As of September 30, 2003, December 31, 2002 and September 30, 2002, the
amount of the Company's other real estate amounted to $929,000, $1,384,000, and
$1,277,000, respectively, which consisted principally of several parcels of real
estate. The primary reason for the decrease in other real estate from December
31, 2002 to September 30, 2003 was the sale of a piece of undeveloped land with
a book value of $210,000, which resulted in a gain of $80,000. The Company's
management has reviewed recent appraisals of its other real estate and believes
that their fair values, less estimated costs to sell, equal or exceed their
respective carrying values at the dates presented.
SUMMARY OF LOAN LOSS EXPERIENCE
The allowance for loan losses is created by direct charges to operations.
Losses on loans are charged against the allowance in the period in which such
loans, in management's opinion, become uncollectible.
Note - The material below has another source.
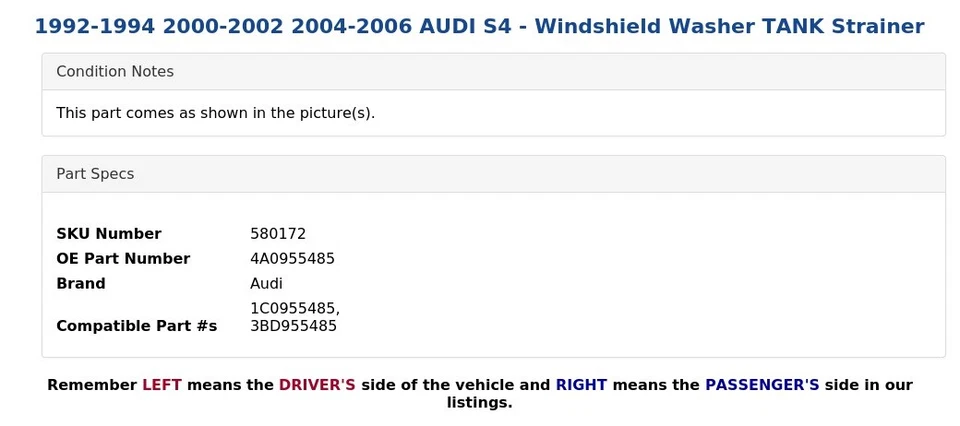 1992-1994 2000-2002 2004-2006 AUDI S4 - Parabrisas Lavadora TANQUE Colador Foto 4 de 4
The recoveries realized
during the period are credited to this allowance.
The Company has no foreign loans, few agricultural loans and does not
engage in significant lease financing or highly leveraged transactions.
Commercial loans are diversified among a variety of industries. The majority of
the Company's real estate loans are primarily various personal and commercial
loans where real estate provides additional security for the loan. Collateral
for virtually all of these loans is located within the Company's principal
market area.
Asset quality ratios, including net charge-offs, have remained fairly
stable in 2003 compared to 2002. The primary cause of any differences in the
provision for loan losses in 2003 compared to 2002 has been the amount of loan
growth experienced by the Company. In the third quarter of 2003, net internal
loan growth ("internal loan growth" excludes loans assumed in acquisitions for
which preestablished reserves have been recorded) amounted to $34 million
compared to $14 million in the third quarter of 2002, which was largely
responsible for the Company recording a higher provision for loan losses in 2003
($695,000) compared to the same quarter in 2002 ($575,000). The provision for
loan losses for the nine months ended September 30, 2003 and 2002 did not differ
significantly, amounting to $1,755,00 and $1,790,000, respectively, with the
Company experiencing net internal loan growth of approximately $95 million for
each nine month period.
At September 30, 2003, the allowance for loan losses amounted to
$12,700,000, compared to $10,907,000 at December 31, 2002 and $10,524,000 at
September 30, 2002. The allowance for loan losses was 1.11%, 1.09% and 1.07% of
total loans as of September 30, 2003, December 31, 2002, and September 30, 2002,
respectively. The slight increase in the allowance for loan losses since
December 31, 2002 is primarily the result of the CCB acquisition (see note 10 to
the Consolidated Financial Statements for a description of recently completed
acquisitions). At the time of the acquisition, CCB's allowance for loan losses
amounted to 1.57% of gross loans. The increase in the allowance percentage from
September 30, 2002 was also caused by a slight shift in the composition of the
Company's loan portfolio from residential mortgage loans to commercial loans -
commercial loans carry a higher reserve percentage in the Company's allowance
for loan loss model than do residential mortgage loans. The slight shift from
residential mortgage loans to commercial loans has been intentional. Two of the
Company's recent bank acquisitions (First Savings Bancorp in September 2000 and
Century Bancorp in May 2001) had loan portfolios that were highly concentrated
in residential mortgage loans. As many of those loans have refinanced at lower
rates over the past 12 months, the Company chose to sell the refinanced loans in
the
Page 25
secondary market instead of holding them in the Company's loan portfolio. This
strategy was implemented in an effort to shift the Company's loan portfolio to
having a higher percentage of commercial loans, which are generally shorter term
in nature and have higher interest rates.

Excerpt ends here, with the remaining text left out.